Oltre ad avere un profondo timore di Dio, Giuseppe attingeva anche forza nel suo amore per il lavoro, nello svolgimento del proprio compito giornaliero. E’ detto che “un giorno egli entrò in casa per fare il suo lavoro” (Genesi 39:11). Un’occupazione regolare svolta nell’impegno di glorificare il Signore, è anche un fattore di protezione; mentre un uomo inattivo, pigro o sognatore, apre già nella sua anima uno spiraglio alla tentazione.

In un modo o nell’altro, ognuno di noi può essere assalito dalla tentazione. Simile all’acqua che penetra nei minimi interstizi, il “gran male” come lo definisce Giuseppe tenta di insinuarsi nell’anima se trova degli spiragli aperti. Il diavolo saprà trovare una moglie di Potifar che farà luccicare davanti a noi tutte le attrazioni della seduzione e che ritornerà alla carica, ogni giorno, nei momenti di inattività, nel silenzio della notte. Se cedessimo, sarebbe la rovina della nostra vita cristiana. Le delizie del peccato, delle quali si può godere per un tempo (Ebrei 11:25), lasciano sempre un amaro sapore. 

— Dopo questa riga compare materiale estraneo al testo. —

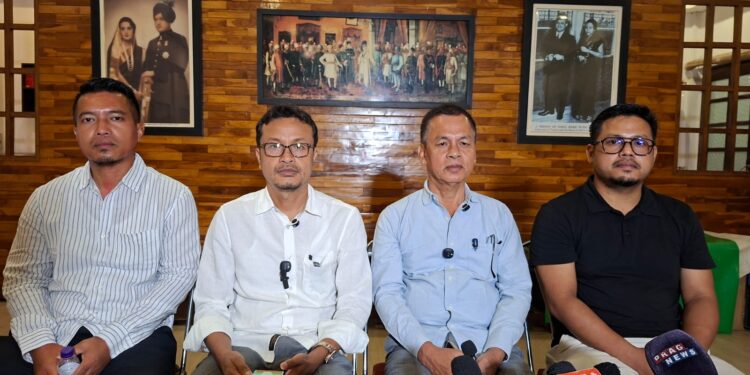 পাহাড়ের ভিলেজ ভোটে মথা-সহ এনডিএ জোটের সাফল্যে উচ্ছ্বাস। বিপুল ভোটে জোটের জয়ের জন্য ভোটারদের ধন্যবাদ ও অভিনন্দন জানাল মথা। চূড়ান্ত ফল প্রকাশের আগেই প্রায় দুই-তৃতীয়াংশের বেশি আসনে জয়ের দাবি জোটের।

Il Signore ci conceda la grazia di perseverare nelle cose che abbiano imparato (2 Timoteo 3:14), senza essere trascinati dallo spirito di questo secolo. Che possiamo vivere nella presenza di Dio, essere fedeli già nelle piccole cose, avere in orrore il male e fuggire l’impurità sotto tutti i suoi aspetti: chiudiamo quel libro, non apriamo quel sito, evitiamo quello spettacolo, rompiamo con quella compagnia. Solamente nella comunione con il Signore la gioia è pura e santa.

Ma se, disgraziatamente, qualcuno dei nostri lettori ha già ceduto alla tentazione, rimane una sorgente di grazia presso il Medico delle nostre anime. Forse solo Dio conosce l’intensità delle tentazioni che ci hanno fatto soccombere, la nostra lunga, sofferta e inutile resistenza, il dolore che abbiamo provato di essere stati vinti. Se c’è un pentimento sincero e un giudizio profondo delle nostre azioni e l’abbandono del peccato, Dio interverrà per liberarci.